Hinter den Türen häuslicher Gewalt
Hinweis: Der nachfolgende Artikel beschreibt Formen extremer Gewalt
*Name aus Persönlichkeitsschutz geändert
Flor*, heute 20 Jahre alt, wuchs in einer kleinen Andengemeinde in der Region Cusco in Peru auf. Die Dorfgemeinschaft ist eng miteinander verbunden, Familien unterstützen einander im Alltag, und Entscheidungen über das Leben junger Menschen werden häufig gemeinsam getroffen. Mit 15 Jahren lernte Flor den drei Jahre älteren Vater ihres Kindes kennen. Für sie begann eine erste Verliebtheit, wie sie viele Jugendliche erleben. Doch eine Schwangerschaft bedeutete in ihrer Umgebung mehr als eine persönliche Veränderung: Sie führte dazu, dass junge Paare meist zusammenziehen und eine gemeinsame Haushaltsführung übernehmen, unabhängig vom Alter oder davon, ob die Jugendlichen sich darauf vorbereitet fühlten.
„Wir waren verliebt. Als ich schwanger wurde, sagten meine Eltern, dass wir zusammenziehen müssten", erzählt Flor. Für sie blieb wenig Raum, über ihre eigenen Vorstellungen nachzudenken. Die Entscheidung wurde getroffen, bevor sie wirklich erfassen konnte, was sie bedeutete.
Ein viel zu früher Übergang ins Erwachsenenleben
In vielen ländlichen Regionen Perus werden Jugendliche nach einer frühen Schwangerschaft häufig in Partnerschaften gedrängt oder ermutigt, zusammenzuziehen. Obwohl das Land 2023 gesetzliche Regelungen verschärfte und Kinder- wie Frühehen offiziell verbot, bestehen informelle Partnerschaften unter Minderjährigen weiterhin fort.
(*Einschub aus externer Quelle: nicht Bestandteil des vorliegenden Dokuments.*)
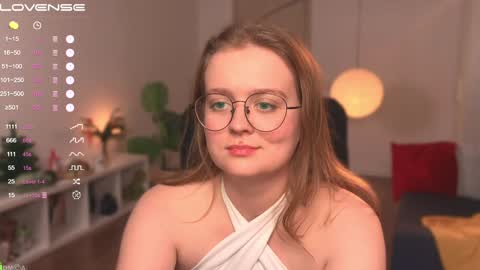 Snapshot of emilyforelsket chatting on January 2025 06:24:02 PM Emily online show from January 2025 06:24:02 PM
Sie entstehen aus einem Zusammenspiel von gesellschaftlichem Druck, früh Verantwortung zu übernehmen, wirtschaftlicher Unsicherheit, die junge Menschen dazu zwingt, auf Partner oder Familie zu vertrauen, und familiären Vorstellungen darüber, wie Schwangerschaft und Partnerschaften „geregelt“ werden sollten. Nationale Daten zeigen, dass rund 14 Prozent der Mädchen vor ihrem 18. Geburtstag in einer Ehe oder Partnerschaft leben, manche beginnen deutlich früher.
„Am Anfang stritten wir nur. Dann wurden seine Worte härter und irgendwann schlug er mich.“
Wenn Nähe in Kontrolle umschlägt
Was bei Flor als Verliebtheit begann, entwickelte sich bald in eine Beziehung, die von Spannungen, Überforderung und schließlich Gewalt geprägt war.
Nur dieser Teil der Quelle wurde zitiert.